___ Data provided ___
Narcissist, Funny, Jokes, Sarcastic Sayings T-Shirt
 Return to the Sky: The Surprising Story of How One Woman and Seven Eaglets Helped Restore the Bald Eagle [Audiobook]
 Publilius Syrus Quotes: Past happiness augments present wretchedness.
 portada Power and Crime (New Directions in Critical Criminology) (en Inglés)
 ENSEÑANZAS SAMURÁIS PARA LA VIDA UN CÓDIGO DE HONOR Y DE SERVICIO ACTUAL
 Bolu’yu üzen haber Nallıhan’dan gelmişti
___
What the task requires: Write the entries again, exactly as they stand.

Answer space:
Narcissist, Funny, Jokes, Sarcastic Sayings T-Shirt
 Return to the Sky: The Surprising Story of How One Woman and Seven Eaglets Helped Restore the Bald Eagle [Audiobook]
 Publilius Syrus Quotes: Past happiness augments present wretchedness.
 portada Power and Crime (New Directions in Critical Criminology) (en Inglés)
 ENSEÑANZAS SAMURÁIS PARA LA VIDA UN CÓDIGO DE HONOR Y DE SERVICIO ACTUAL
 Bolu’yu üzen haber Nallıhan’dan gelmişti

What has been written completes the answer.